> _Working data_
[Start of Attachment]

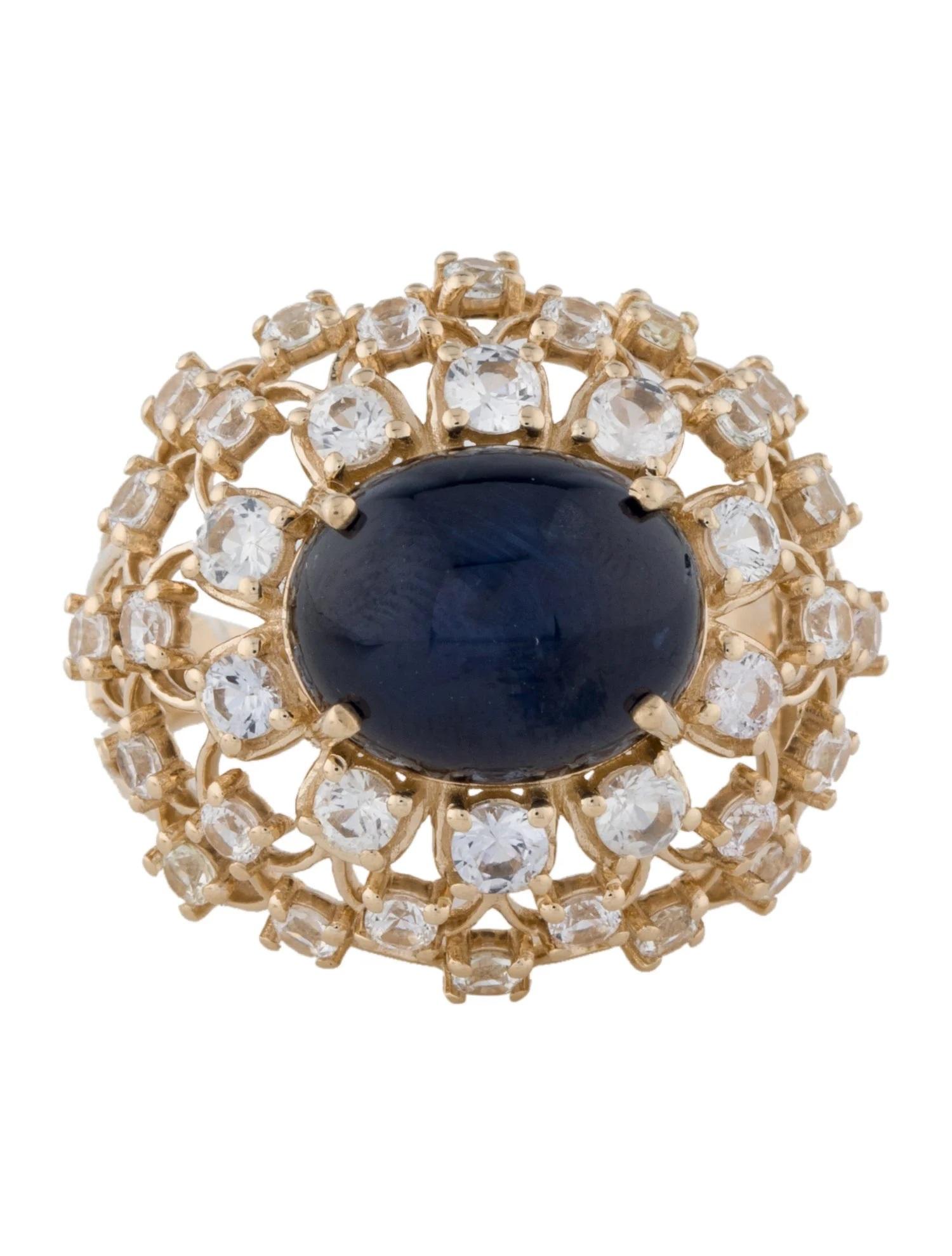 Artiste Bague cocktail en or jaune 14 carats saphir taille : 7  Saphir brillant rond & Colo en vente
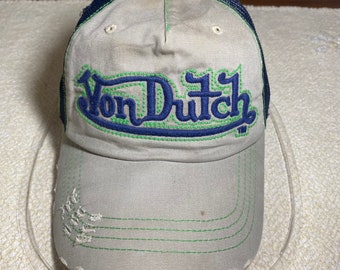 Rare Von Dutch Trucker Mesh Snapback Distressed Mesh Cap & Hat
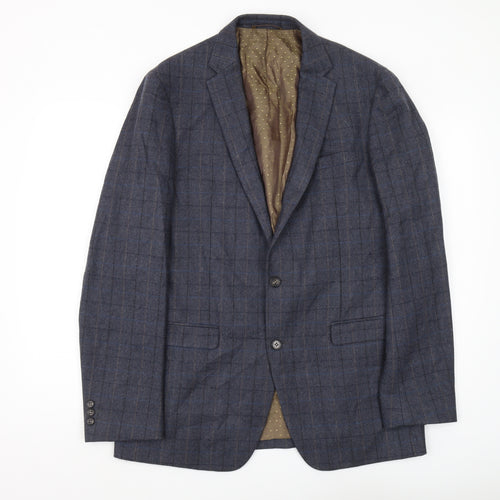 Moss 1851 Men's Blue Check Long Fit Blazer, Size 42L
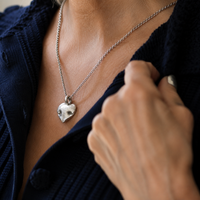 Silver Snozza™ Regular Heart Dog Nose Impression Necklace - Thumbnail 7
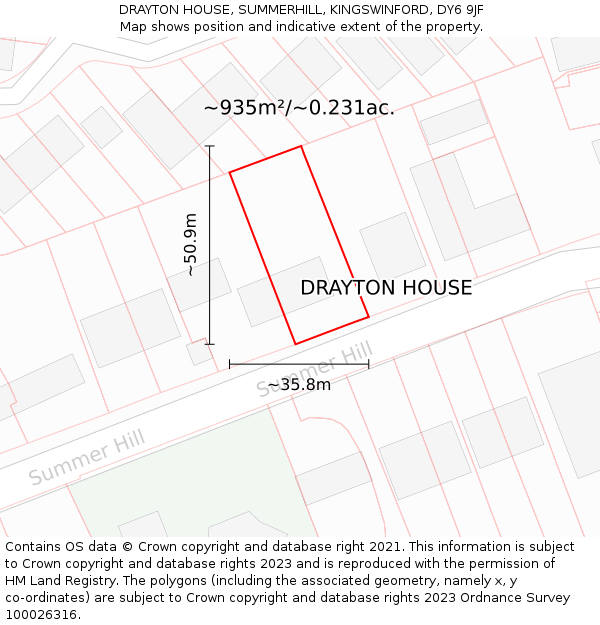 DRAYTON HOUSE, SUMMERHILL, KINGSWINFORD, DY6 9JF: Plot and title map
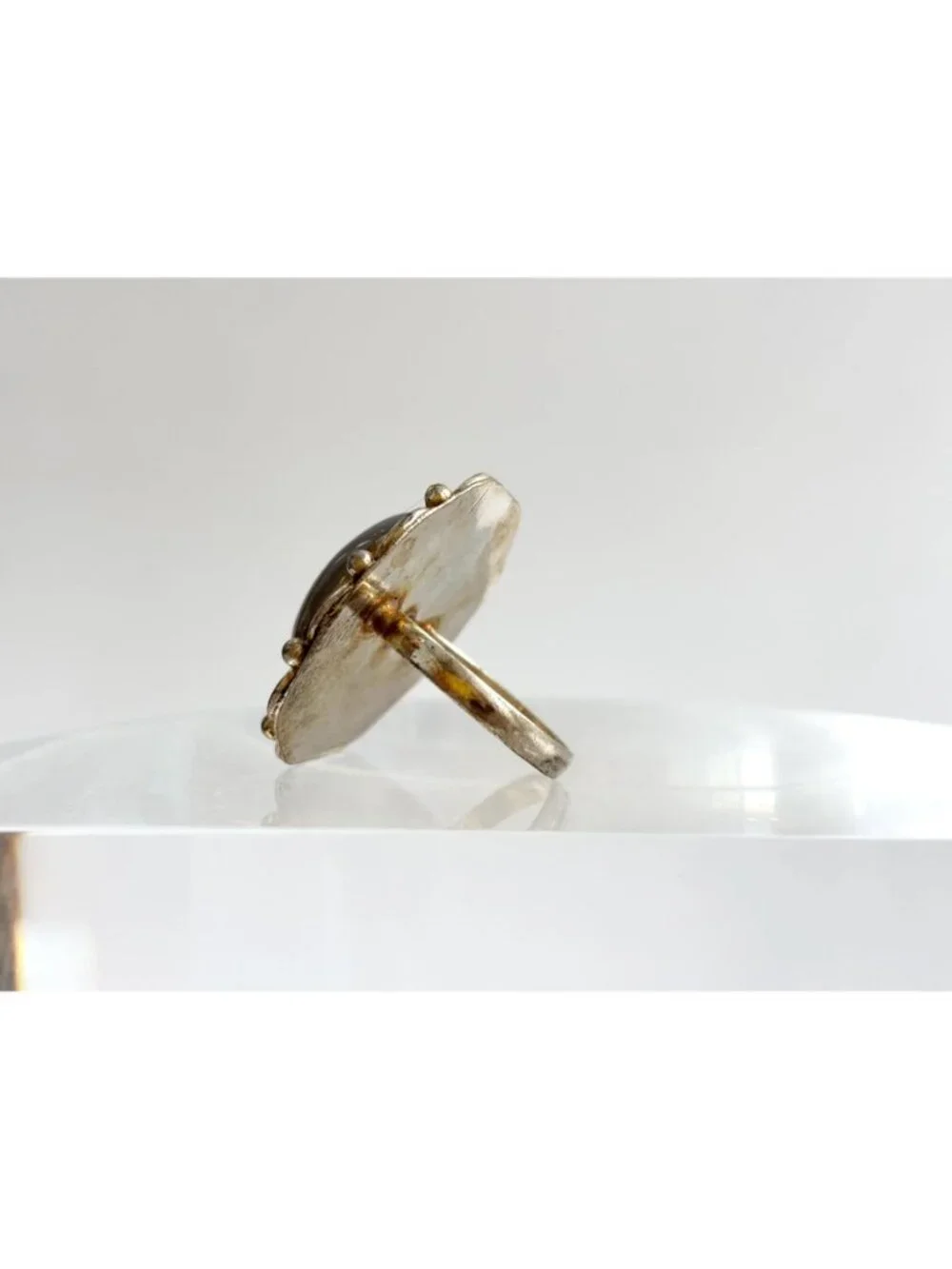 Grey Agate Cabochon Oval Stone Scalloped Sterling Silver 925 Vintage Ring - sz 9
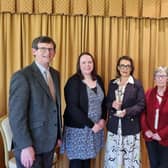 Tracey McCallan from Fermanagh and Omagh District Council has been named the Local Government Employee of the Year. Pictured are Cllr Martin Kearney, NILGA president, Claire Carleton, Armagh City, Banbridge and Craigavon Borough Council, Tracey McCallan, Fermanagh and Omagh District Council, Sandra Pollock, vice chair of the William Johnston Memorial Trust and Cllr Barry McElduff, Fermanagh and Omagh District Council chair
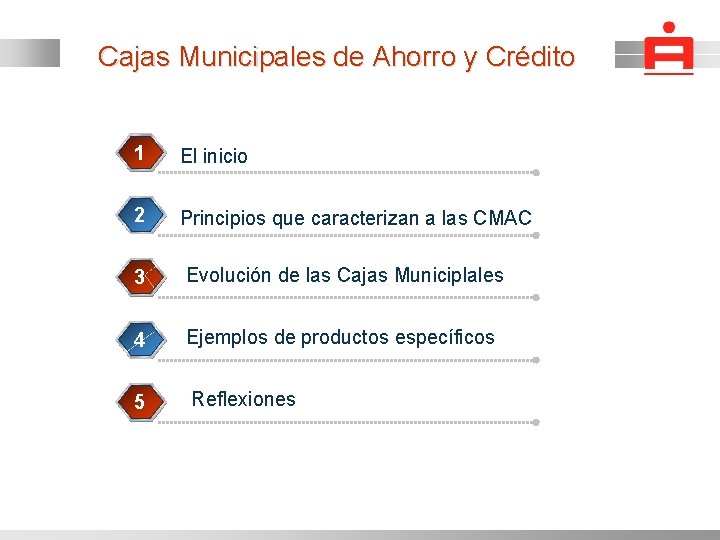 Cajas Municipales de Ahorro y Crédito 1 El inicio 2 Principios que caracterizan a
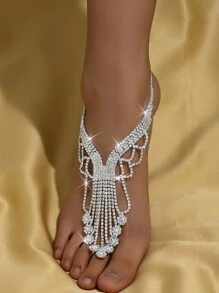 1pc Women's Elegant Luxury Gold Flower Rhinestone Inlaid Anklet, Suitable For Summer Beach Vacation, Casual Party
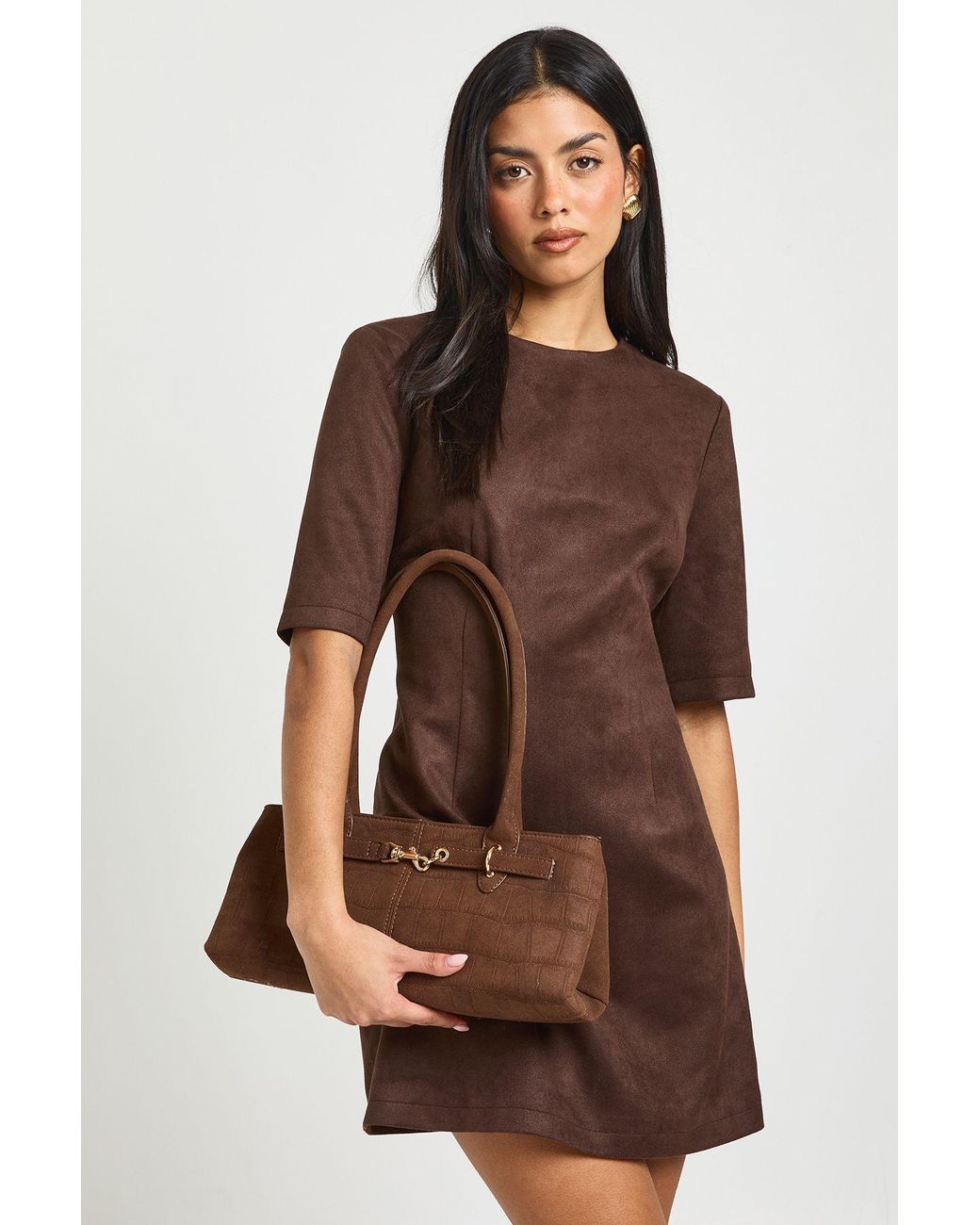 Boohoo Brown Faux Suede Boxy Tshirt Dress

[End of Attachment]

> _Task objective_
In the entries above, find the line containing "Tracey McCallan from" and the line containing "Cajas Municipales de", then copy both and every line between them exactly, without any picture.

> _Task result_
 Tracey McCallan from Fermanagh and Omagh District Council has been named the Local Government Employee of the Year. Pictured are Cllr Martin Kearney, NILGA president, Claire Carleton, Armagh City, Banbridge and Craigavon Borough Council, Tracey McCallan, Fermanagh and Omagh District Council, Sandra Pollock, vice chair of the William Johnston Memorial Trust and Cllr Barry McElduff, Fermanagh and Omagh District Council chair
 Cajas Municipales de Ahorro y Crédito 1 El inicio 2 Principios que caracterizan a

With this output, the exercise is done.